Vertigo
Vertigo - an illusion of motion where no motion exists (not to be confused with syncope/pre-syncope)
Seek details of - onset/ duration/repetition/hearing/tinnitus/headache/vomiting/ double vision/ recent medication
Differentiate between central and peripheral vertigo, since the former are almost always a result of serious pathology
Clinical signs
Central
- Less intense
- Not positional
- Hearing rarely affected
- Nystagmus not inhibited by ocular fixation
- Brain stem /cerebellar signs
Hallpike (with central)
- No latency of nystagmus
- Nystagmus non-fatiguing
- Multidirectional
- Vertigo lasts >1min
Peripheral
- Intense spinning / swaying
- Aggravated by position
- Altered hearing / tinnitus
- Nystagmus inhibited by ocular fixation
Hallpike (with peripheral)
- 2-20s latency
- fatigue with repeat testing
- unidirectional
- <1min

*patient sitting on trolley, rapidly lowered to supine position with physician controlling head. Head rotated 45 degrees left then right
| Pattern Types | Nystagmus Characteristics | Typical causes |
|---|---|---|
Peripheral patterns * |
Burst of upbeat-torsional nystagmus, lasting < 30 seconds, triggered by the Dix-Hallpike test to one side. Unidirectional spontaneous (i.e., primary gaze) nystagmus, with ↑ in velocity in the direction of the nystagmus fast phase and ↓ velocity in the opposite direction. E.g. left beating nystagmus in primary gaze, with an increase in velocity with left gaze, and a decrease (but not reversal) with right gaze. |
BPPV
Vestibular neuronitis (labyrinthitis) |
Central Patterns |
Spontaneous vertical nystagmus (upbeat or downbeat).
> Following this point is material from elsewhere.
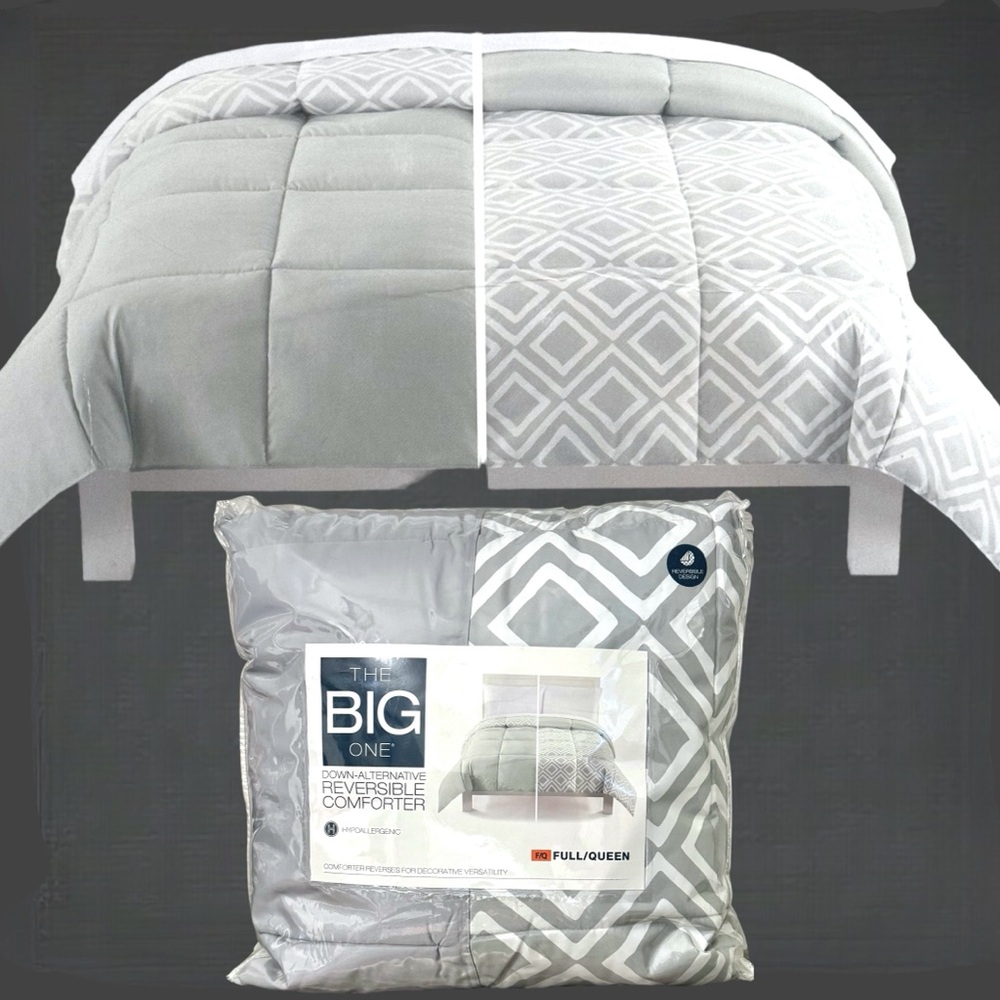 The Big One Down Alternative Reversible Comforter Grey Geometric Full/Queen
Gaze-evoked direction changing nystagmus (i.e., persistent left beating on left gaze and then persistent right beating on right gaze). Persistent downbeating nystagmus triggered by a positional test such as the Dix-Hallpike test. § |
Stroke, multiple sclerosis Chiari malformation Meds (e.g., antiepileptics) stroke, multiple sclerosis, cerebellar degenerative disorder |
Physiological patterns | Persistent downbeating nystagmus triggered by a positional test such as the Dix-Hallpike test. |
|
BPPV = benign paroxysmal positional vertigo. *For peripheral vestibular nystagmus, the velocity of nystagmus typically increases by inhibiting visual fixation and decreases by encouraging visual fixation. However, the effect of visual fixation does not discriminate one peripheral vestibular disorder from another. § The Dix-Hallpike test is a specific positional test to asses for positional nystagmus. The patient sits upright and the head is turned about 450 to one side. The patient is then quickly guided by the physician down to a supine position with the head extended over the end of the examining table. In this position, the eyes are observed for nystagmus triggered by the test. The patient is then brought back to the sitting position and the test is then repeated with the head turned to the opposite side. | ||
Causes
Causes of central vertigo
- Cerebellar - CVA infarct/bleed **
- Brainstem
- CVA eg lateral medullary syndrome
- other infarcts of caudal pons
- neoplasm
- MS
- Trauma
- Check signs base of skull fracture
Unilateral sensorineural loss needs tumour exclusion (ENT opd). The whisper test with finger-rub distraction should be followed up with Rinne's and Weber's to establish basis of hearing deficit.
NOTE - cerebellar haemorrhage suggested by acute ataxia and vertigo +/- headache +/- nausea and vomiting with no paralysis is a neurosurgical emergency and requires urgent CT and neuosurgical opinion
Causes of peripheral vertigo
- Meniere's (triad)
- Bouts of vertigo, tinnitus & progressive deafness
- Vestibular neuronitis
- no hearing loss
- Benign Positional vertigo
- particularly provoked by altered position
- Drugs
- aspirin affects the cochlea giving rise to tinnitus
- aminoglycosides affect vestibular apparatus primarily
- Suppurative labyrinthitis - from recurrent otitis media / mastoiditis etc.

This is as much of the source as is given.